Wednesday, September 07, 2005

The Art at the Fair

I went last night with my friend D & my old coworker F and hung the art at the Mountain State Fair. It took hours - more than 3, to be specific, and I got home at like 11:30, leaving me just enough time to go to the Westville real quick and slam down 3 pints of PBR before bed. Then this morning we went back to the fair and judged the art.

I meant to take pictures but I didn't. I would have felt oddly guilty - some of the art is scarily awful, some is laughable, some is pretty good, but all of it, obviously, means something to the artist in question. And I shouldn't be so snarky. That said, while I find the chickens and horses entered in the Portraits category lovable, I am less kind to the landscapes, chickens, hummingbirds and trees entered in the Still Life category. This year I even wrote testy comments in the judges' manual and refused to give them any ribbons at all.

It is fun to judge, though. There are about a billion categories, divided by medium and genre: some have lots of entry, like oil landscapes and pencil drawing and some have one or none, like abstract acrylic or amateur calligraphy. D & I walked along and said things like "Wow." "That is truly unbearable." "Oh my god why would someone mat their ballpoint pen drawing of Galadriel with shiny ribbon? Can we eliminate that as too painful for human eyes?" "Look at those teeth!" "That giant bird is about to attack those badly drawn children - heh, heh - blue ribbon for sheer weirdness." So it's a good time. Although it does happen early in the morning. Too early.

Still, you get to walk around the exhibits tent while it's all being judged and set up. Year after year these dedicated old people come and work on the fair, setting up bales of hay, positioning stuffed chickens and setting up the giant childrens' diorama exhibition which always makes me want to go home and make dioramas for the rest of my life. It's a wildly underappreciated art form.

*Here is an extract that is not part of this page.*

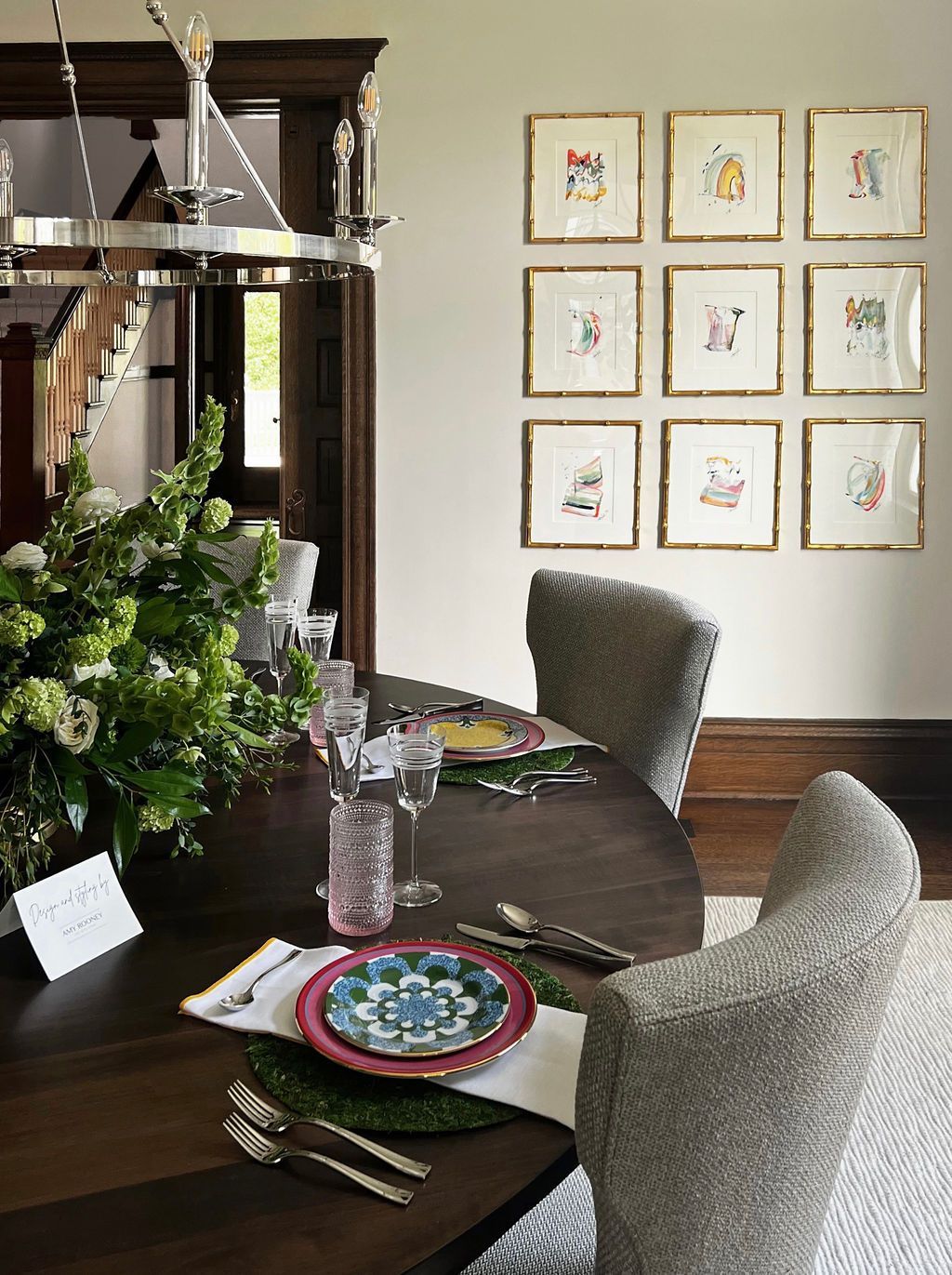 Dining room with a table set for guests, art on the wall, and upholstered chairs.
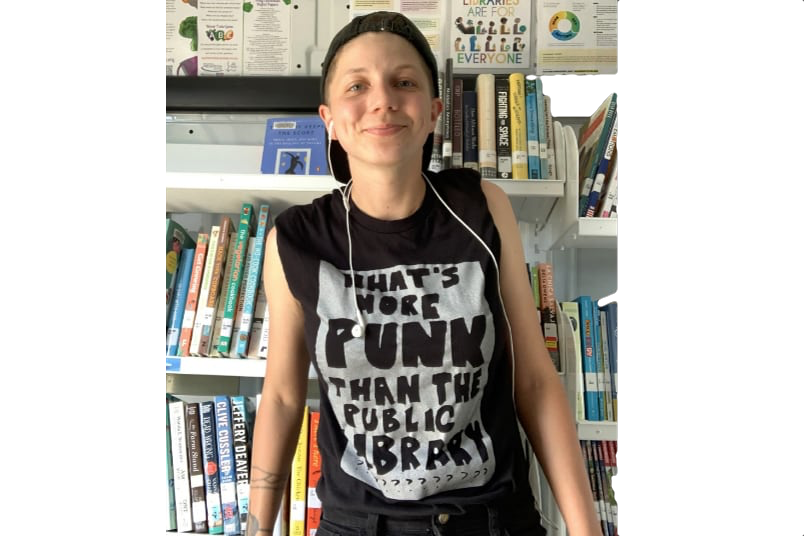 Foto de uma mulher jovem, sorrindo para a câmera, de boné preto virado para trás, com uma camiseta preta onde se lê “What's more punk than the publica library?”, e com tatuagens perto do seu pulso direito.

The vegetables - giant pumpkins, gourds, potatos - begin to trickle in. The special children's vegetable decorating contest is put on display. There's really nothing to be said about that one. It is what it says it is. Vegetables decorated by special children. Meanwhile, in the background the carnies are setting up the ferris wheel. D refused to walk over to the midway to take pictures with me on the grounds that if he saw how the rides were put together he'd be afraid to ride them. We did, however, get to see Babe, the giant ox, on whose ample back my friends A & M & I posited the start of a whole new religion (he is so calm! He is our god, and he is peaceful, yea, and huge!) He was lying down behind a trailer. I was a little afraid to approach my god, since he is mighty, and if he decided to be less peaceful I would be as nothing, but I did get a picture.

God and the Republican Agenda

This sums up my point of view on God, New Orleans & the Republican agenda quite nicely. I'm always outraged at how the wing nuts manage to co-opt God for their personal use. Granted, I don't believe in a Xtian Old Testament God sitting on a cloud in a robe with a long white beard surrounded by angels playing the harp BUT if I did? He sure as hell wouldn't be a friend of Dubya's and his evil, evil cronies. It's a damn shame that the right wing is apparently incapable of reading the New Testament and all it's inconvenient pandering to the poor and dispossessed.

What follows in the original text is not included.